Any budget agreement should include an improvement of the accuracy of Social Security’s annual cost-of-living allowance (COLA) payments. Press reports say this is now on the table.
COLAs are designed to protect retirees against inflation eroding the value of their benefits, but the index used to calculate those payments is inaccurate and overstates inflation by about 1 percentage point a year. Back in 1996, a commission led by economist Michael Boskin proved this, and since then, experts have been pushing for a more accurate measure. A more accurate measure would not reduce any retiree’s Social Security payment; it would only improve the accuracy of inflation protection.
The problem arose when COLAs were first added to Social Security payments back in 1972, because the Bureau of Labor Statistics used only one index. While it has improved since then, that same index (known as the Consumer Price Index for All Urban Consumers, or CPI–U) is still being used today, despite the fact that other more accurate indices are now available.
In the budget talks, Administration officials and some congressional negotiators are rumored to be discussing using a “chained” version of that index instead.

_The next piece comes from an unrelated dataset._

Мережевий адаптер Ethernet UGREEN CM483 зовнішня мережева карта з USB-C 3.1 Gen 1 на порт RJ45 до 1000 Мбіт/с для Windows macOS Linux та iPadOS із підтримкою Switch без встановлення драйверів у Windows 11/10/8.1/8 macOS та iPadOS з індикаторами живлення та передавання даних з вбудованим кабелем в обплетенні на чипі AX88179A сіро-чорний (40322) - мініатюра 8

CPI–U is based on a survey of about 85 percent of the population, but it assumes that everyone will buy exactly the same amount of exactly the same items regardless of how prices change. Thus, if the price of apples goes up but the price of oranges drops, the current CPI–U assumes that consumers will still buy the same quantities of each. However, a chained index, C–CPI–U, adjusts quantities—knowing that if the price of apples increases, people will buy fewer apples and more oranges. This results in a more accurate measure.

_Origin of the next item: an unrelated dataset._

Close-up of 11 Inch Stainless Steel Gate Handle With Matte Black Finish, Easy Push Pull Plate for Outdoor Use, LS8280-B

The use of a chained CPI has been endorsed by the Simpson–Bowles deficit commission, in legislation introduced by Senator Kay Bailey Hutchison (R–TX), and by the centrist Committee for a Responsible Federal Budget. It is also part of The Heritage Foundation’s Saving the American Dream plan.
Using a more accurate inflation index would save Social Security about $112 billion over the next 10 years. That is not nearly enough to fix Social Security’s massive deficits, but it is a good start. Doing nothing will result in 22 percent to 25 percent across-the-board benefit cuts for everyone who is receiving benefits.